__TASK DESCRIPTION__: Exactly as they appear, set down all of the records.

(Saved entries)
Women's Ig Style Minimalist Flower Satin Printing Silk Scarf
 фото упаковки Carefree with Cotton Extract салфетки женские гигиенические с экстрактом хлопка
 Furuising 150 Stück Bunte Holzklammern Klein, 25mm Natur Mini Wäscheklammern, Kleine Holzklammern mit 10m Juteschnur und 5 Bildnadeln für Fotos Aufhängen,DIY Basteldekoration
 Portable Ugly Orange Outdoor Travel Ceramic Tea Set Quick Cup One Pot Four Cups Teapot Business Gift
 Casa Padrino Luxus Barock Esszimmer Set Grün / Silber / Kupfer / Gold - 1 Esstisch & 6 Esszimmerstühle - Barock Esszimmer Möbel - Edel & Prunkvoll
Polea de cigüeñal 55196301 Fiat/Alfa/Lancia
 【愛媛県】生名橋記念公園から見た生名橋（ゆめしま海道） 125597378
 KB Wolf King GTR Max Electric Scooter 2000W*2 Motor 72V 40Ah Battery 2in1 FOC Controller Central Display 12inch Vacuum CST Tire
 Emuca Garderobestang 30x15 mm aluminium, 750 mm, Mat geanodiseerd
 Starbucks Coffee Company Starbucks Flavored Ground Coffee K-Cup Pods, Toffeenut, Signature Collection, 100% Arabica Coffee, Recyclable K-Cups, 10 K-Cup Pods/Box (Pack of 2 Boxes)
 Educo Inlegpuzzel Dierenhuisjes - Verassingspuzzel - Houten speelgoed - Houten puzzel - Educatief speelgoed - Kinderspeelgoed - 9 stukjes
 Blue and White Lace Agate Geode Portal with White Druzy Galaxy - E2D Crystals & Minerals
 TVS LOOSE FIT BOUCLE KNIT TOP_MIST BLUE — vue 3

__REPLY TO THE EXERCISE__:
Women's Ig Style Minimalist Flower Satin Printing Silk Scarf
 фото упаковки Carefree with Cotton Extract салфетки женские гигиенические с экстрактом хлопка
 Furuising 150 Stück Bunte Holzklammern Klein, 25mm Natur Mini Wäscheklammern, Kleine Holzklammern mit 10m Juteschnur und 5 Bildnadeln für Fotos Aufhängen,DIY Basteldekoration
 Portable Ugly Orange Outdoor Travel Ceramic Tea Set Quick Cup One Pot Four Cups Teapot Business Gift
 Casa Padrino Luxus Barock Esszimmer Set Grün / Silber / Kupfer / Gold - 1 Esstisch & 6 Esszimmerstühle - Barock Esszimmer Möbel - Edel & Prunkvoll
Polea de cigüeñal 55196301 Fiat/Alfa/Lancia
 【愛媛県】生名橋記念公園から見た生名橋（ゆめしま海道） 125597378
 KB Wolf King GTR Max Electric Scooter 2000W*2 Motor 72V 40Ah Battery 2in1 FOC Controller Central Display 12inch Vacuum CST Tire
 Emuca Garderobestang 30x15 mm aluminium, 750 mm, Mat geanodiseerd
 Starbucks Coffee Company Starbucks Flavored Ground Coffee K-Cup Pods, Toffeenut, Signature Collection, 100% Arabica Coffee, Recyclable K-Cups, 10 K-Cup Pods/Box (Pack of 2 Boxes)
 Educo Inlegpuzzel Dierenhuisjes - Verassingspuzzel - Houten speelgoed - Houten puzzel - Educatief speelgoed - Kinderspeelgoed - 9 stukjes
 Blue and White Lace Agate Geode Portal with White Druzy Galaxy - E2D Crystals & Minerals
 TVS LOOSE FIT BOUCLE KNIT TOP_MIST BLUE — vue 3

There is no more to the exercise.